Use elastic-package to create and bootstrap a new Elastic integration
At Elastic we use elastic-package on a daily basis to create and maintain Integrations. Today we’ll learn how to quickly bootstrap a new Elastic Integration using a built-in creator, and how to start observing the service.
Elastic Integrations are a new way of using Elastic Agents to observe logs and metrics. By using Internet of Things smart devices, you can track data like electricity consumption, gas, or water usage in your household. However, there are countless IoT devices out there, and they all have proprietary apps or web pages to monitor data. What if you want to have a dashboard with all your IoT data in one place? That’s where Integrations come in.
Say you want to monitor your home’s water usage for leaks. An Elastic Integration makes this easy. Your IoT device has a REST endpoint with a data feed. By using an Elastic integration to create a smart pipeline to Kibana Alerts, you’ve got your service. Repeat as needed and you’ve got a dashboard to monitor your home. Further, with a small investment you can build IoT detectors on your own using any prototyping platform (for example Arduino) and basic electronic components (like water sensors).
These Integrations don’t contain any Go code — all functionality is provided using YAML or JSON configuration. If writing configuration files sounds like an exhausting challenge, that’s where the built-in creator comes in, shortening the initial time for bootstrapping the package using an embedded package archetype.
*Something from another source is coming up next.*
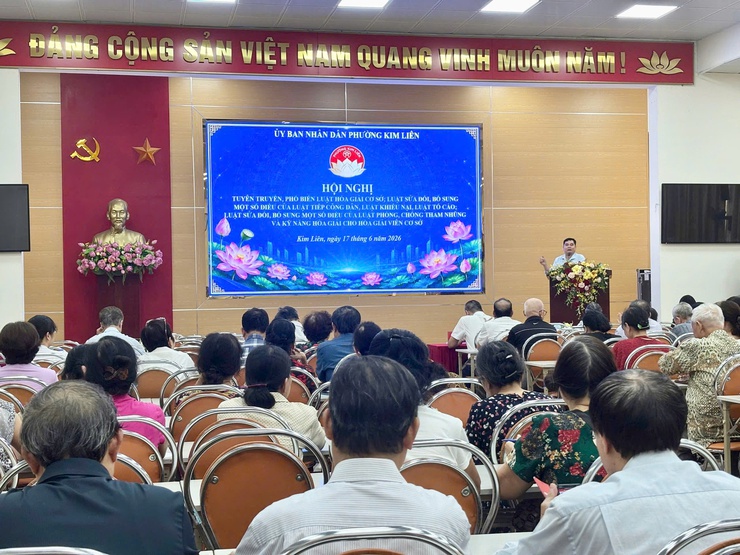 UBND phường Kim Liên tổ chức Hội nghị tuyên truyền, phổ biến pháp luật- Ảnh 2.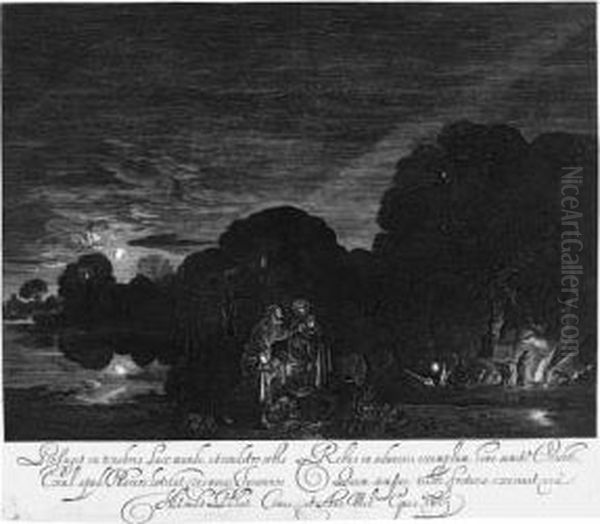 The Flight Into Egypt - view 1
If you have never heard of Elastic Agent or Elastic Integrations and want to learn more before jumping in, this blog post is a great place to start. Otherwise, let's dive in!
Review observed service
The candidate for implementing a new package will be the IPFS Node application, a client to the decentralized peer-to-peer (P2P) network for storing and sharing data in a distributed file system. It uses content-addressing to uniquely identify each file. The application can run in both, daemon and console modes, and it exposes few network ports:
- 4001 - default libp2p swarm port
- 5001 - API internal port, shouldn’t be exposed publicly
- 8080 - Gateway to serve content
The node application is also distributed as Docker image, which can be easily started:
$ docker run --rm --name ipfs-node -p 127.0.0.1:5001:5001 ipfs/go-ipfs@sha256:f7e30972e35a839ea8ce00c060412face29aa31624fd2dc87a5e696f99835a91
Changing user to ipfs
ipfs version 0.9.1
generating ED25519 keypair...done
peer identity: 12D3KooWR6NcsnsW7bzaMnfYWL9D8f411P351TnfTX2D9pxRY74t
initializing IPFS node at /data/ipfs
to get started, enter:
ipfs cat /ipfs/QmQPeNsJPyVWPFDVHb77w8G42Fvo15z4bG2X8D2GhfbSXc/readme
Initializing daemon...
go-ipfs version: 0.9.1-dc2715a
Repo version: 11
System version: amd64/linux
Golang version: go1.15.2
2021/09/27 13:01:00 failed to sufficiently increase receive buffer size (was: 208 kiB, wanted: 2048 kiB, got: 416 kiB). See https://github.com/lucas-clemente/quic-go/wiki/UDP-Receive-Buffer-Size for details.
Swarm listening on /ip4/127.0.0.1/tcp/4001
Swarm listening on /ip4/127.0.0.1/udp/4001/quic
Swarm listening on /ip4/172.17.0.2/tcp/4001
Swarm listening on /ip4/172.17.0.2/udp/4001/quic
Swarm listening on /p2p-circuit
Swarm announcing /ip4/127.0.0.1/tcp/4001
Swarm announcing /ip4/127.0.0.1/udp/4001/quic
Swarm announcing /ip4/172.17.0.2/tcp/4001
Swarm announcing /ip4/172.17.0.2/udp/4001/quic
API server listening on /ip4/0.0.0.0/tcp/5001
WebUI: http://0.0.0.0:5001/webui
Gateway (readonly) server listening on /ip4/0.0.0.0/tcp/8080
Daemon is ready
In this tutorial we will be interested in the API running on port 5001, which exposes following methods:
/api/v0/stats/bw - get IPFS bandwidth information
/api/v0/repo/stat - get statistics for currently used repository
Both API methods respond to POST calls:
$ curl -X POST http://127.0.0.1:5001/api/v0/stats/bw
{"TotalIn":18136337,"TotalOut":944694,"RateIn":34125.006805975005,"RateOut":4088.311294056906}
$ curl -X POST http://127.0.0.1:5001/api/v0/repo/stat
{"RepoSize":9321761,"StorageMax":10000000000,"NumObjects":95,"RepoPath":"/data/ipfs","Version":"fs-repo@11"}
The goal of this exercise is to create an integration which scraps metrics from the described API and collects standard application logs from the ipfs-node.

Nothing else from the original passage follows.